**** LISTED RECORDS ****

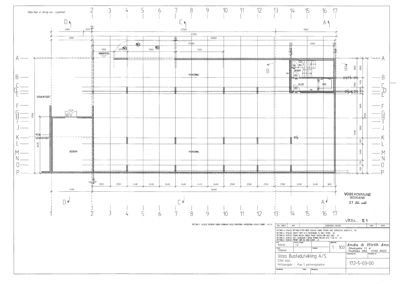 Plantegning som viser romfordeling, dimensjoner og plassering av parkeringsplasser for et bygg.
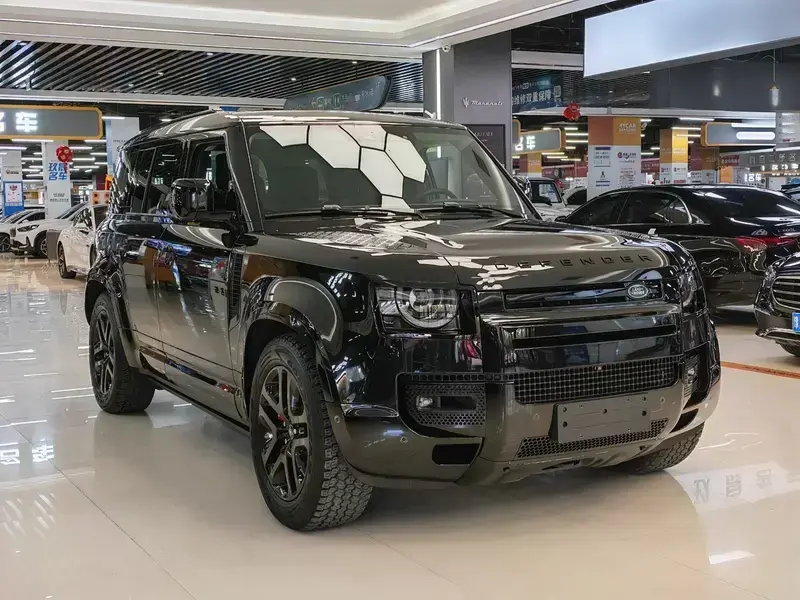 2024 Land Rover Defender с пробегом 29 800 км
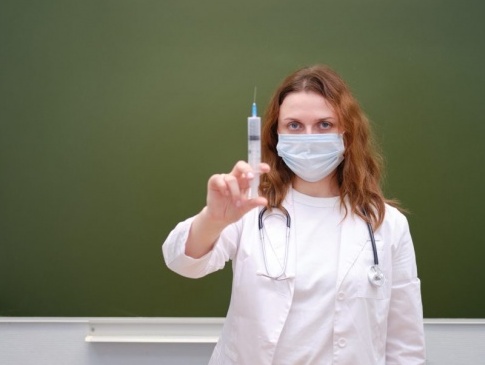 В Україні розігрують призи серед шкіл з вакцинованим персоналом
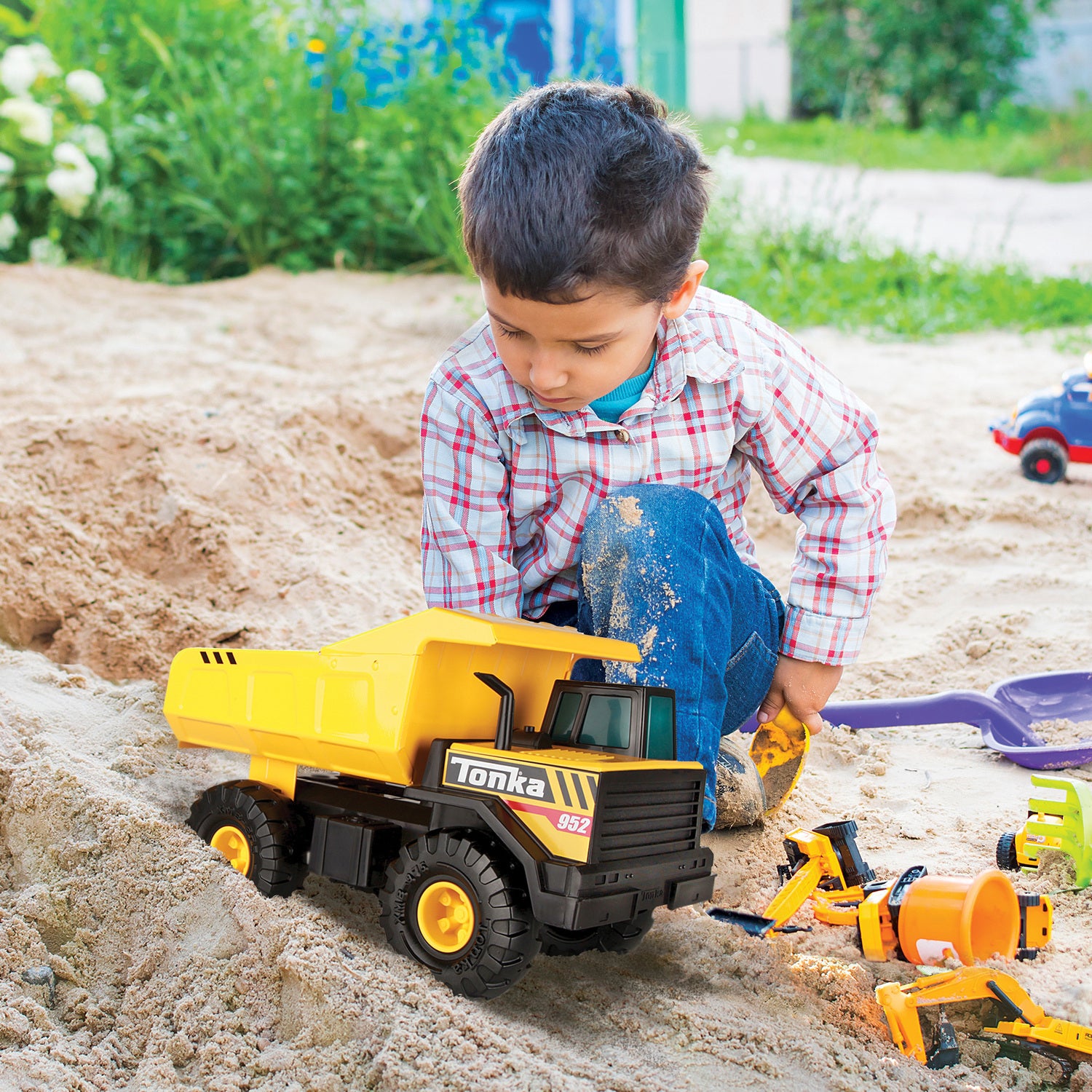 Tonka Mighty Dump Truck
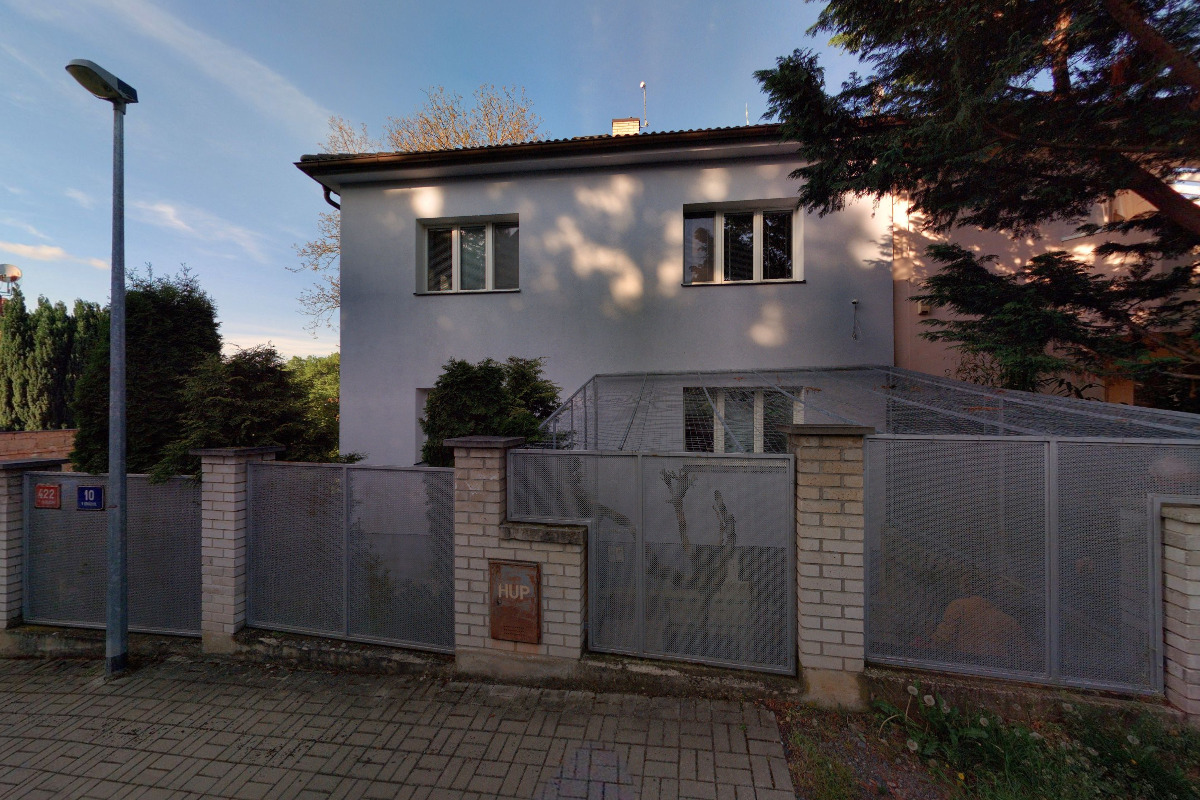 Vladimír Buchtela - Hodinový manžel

****
**** LISTED RECORDS ****

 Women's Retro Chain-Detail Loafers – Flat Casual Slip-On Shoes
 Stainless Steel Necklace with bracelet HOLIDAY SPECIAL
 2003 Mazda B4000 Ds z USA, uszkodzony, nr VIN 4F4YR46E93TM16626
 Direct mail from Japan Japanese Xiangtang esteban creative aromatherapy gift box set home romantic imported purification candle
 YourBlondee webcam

****

__WORK TASK__.
Although the records above contain pictures, the copy must not; set down exactly the lines from the one with "Plantegning som viser" up to and including the one with "Vladimír Buchtela - Hodinový manžel".

__EXERCISE SOLUTION__.
 Plantegning som viser romfordeling, dimensjoner og plassering av parkeringsplasser for et bygg.
 2024 Land Rover Defender с пробегом 29 800 км
 В Україні розігрують призи серед шкіл з вакцинованим персоналом
 Tonka Mighty Dump Truck
 Vladimír Buchtela - Hodinový manžel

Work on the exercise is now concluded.